Exactly as written, reproduce the lines from the beginning of the data through the line containing "No Crying in"; the pictures are not reproduced.

_Information shown_
# # # # # # #

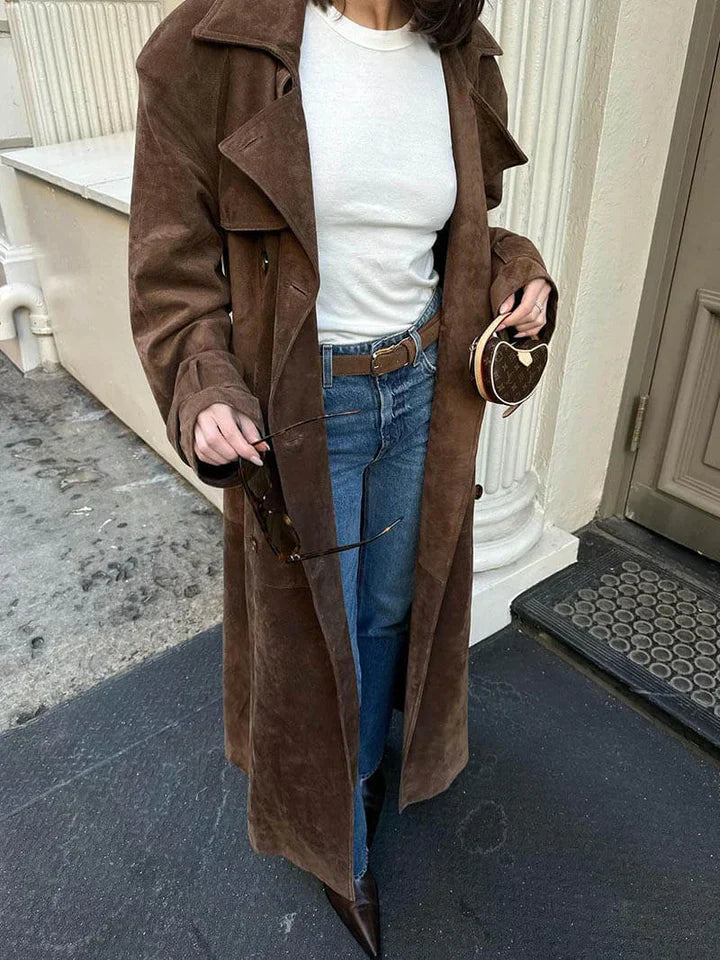 Damen Wildleder-Trenchcoat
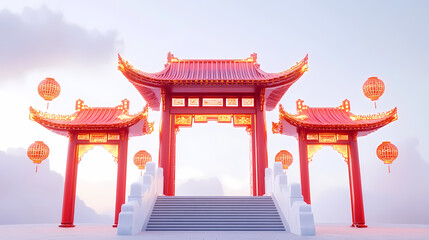 Fototapeta premium Chinese-style arch, red and gold color scheme, with a symmetrical composition, white background, a three-dimensional sense of space, wide-angle lens, bright lighting, lanterns hangi 4k, Generative AI.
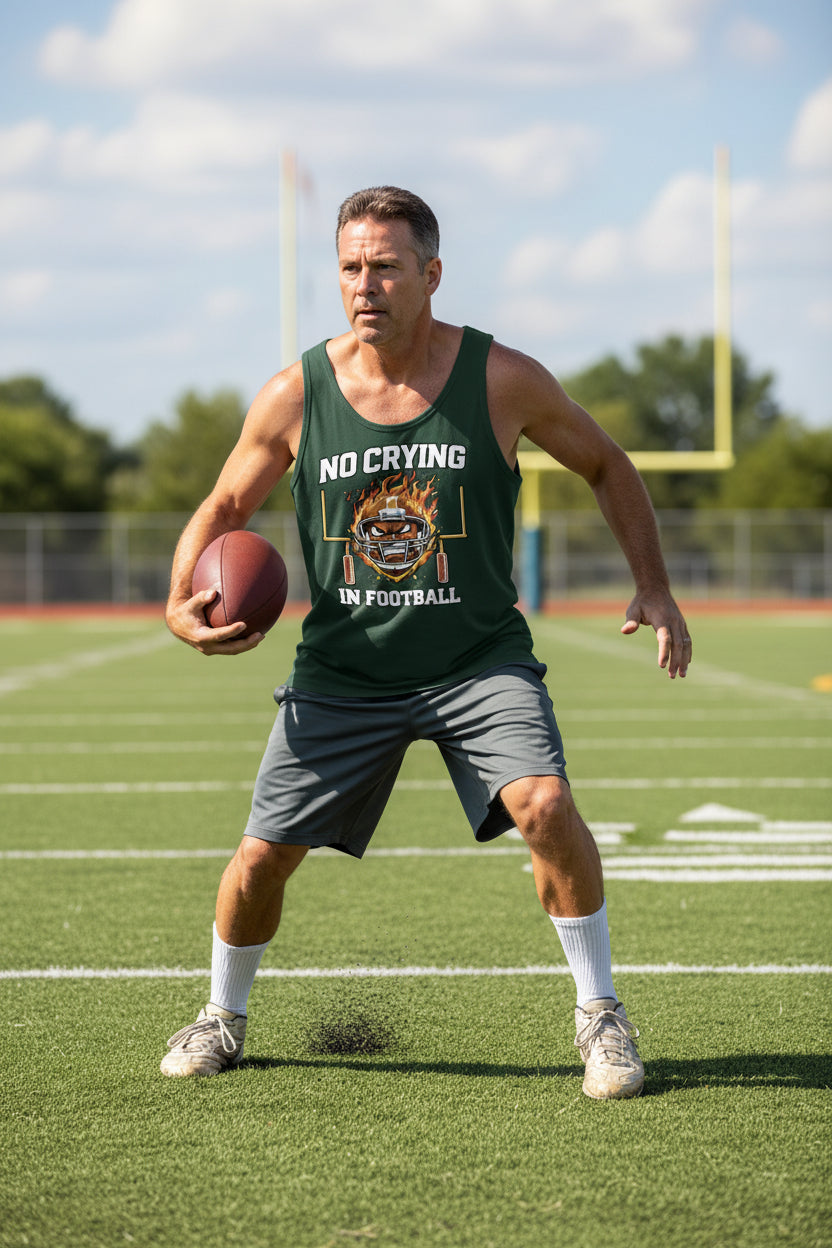 No Crying in Football Tank Top Dad Game Day Motivation Quote Mens Forest - FRONT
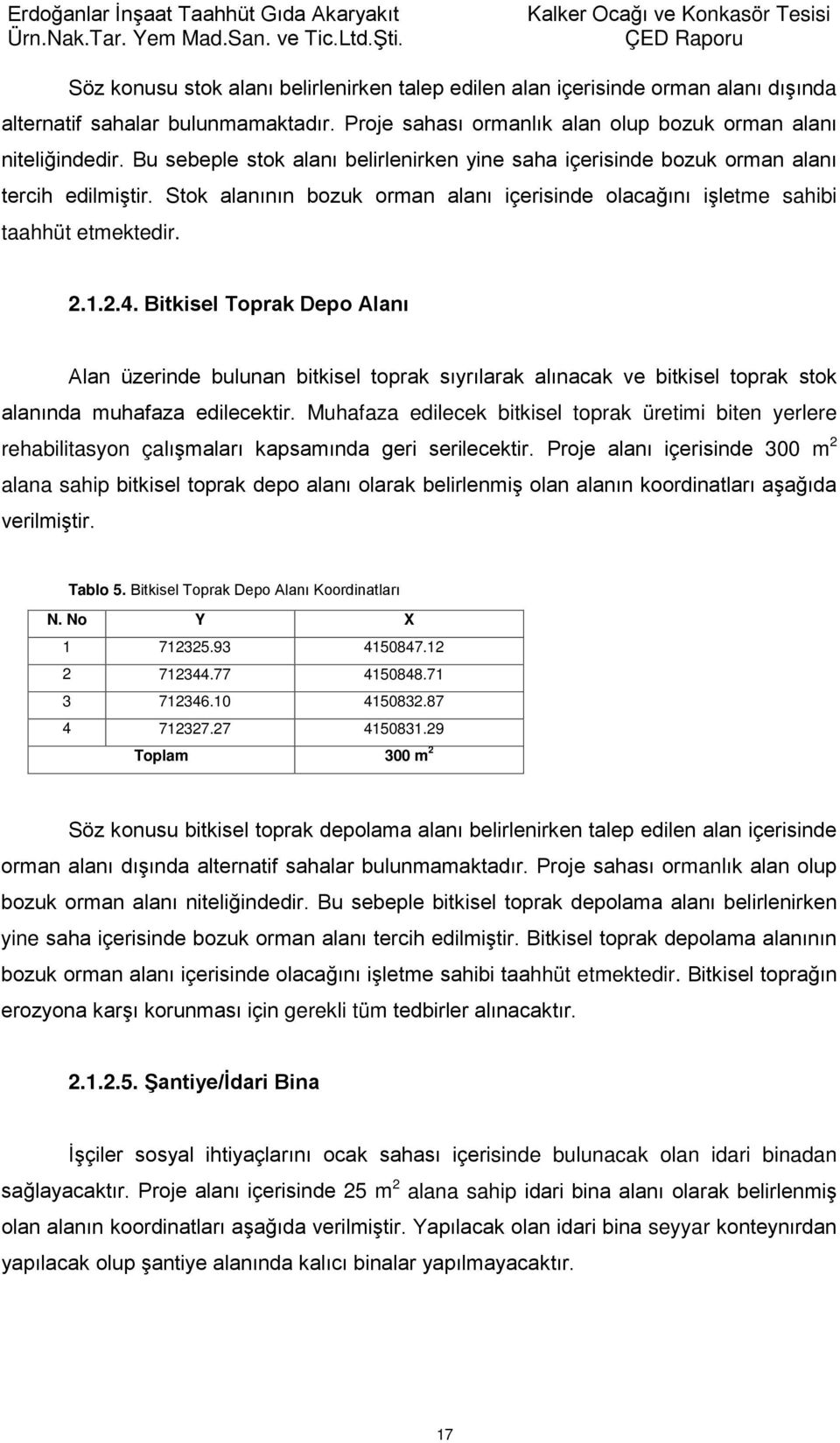 Bitkisel Toprak Depo Alanı Alan üzerinde bulunan bitkisel toprak sıyrılarak alınacak ve bitkisel toprak stok alanında muhafaza edilecektir.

# # # # # # #

_Answer area_
 Damen Wildleder-Trenchcoat
 Fototapeta premium Chinese-style arch, red and gold color scheme, with a symmetrical composition, white background, a three-dimensional sense of space, wide-angle lens, bright lighting, lanterns hangi 4k, Generative AI.
 No Crying in Football Tank Top Dad Game Day Motivation Quote Mens Forest - FRONT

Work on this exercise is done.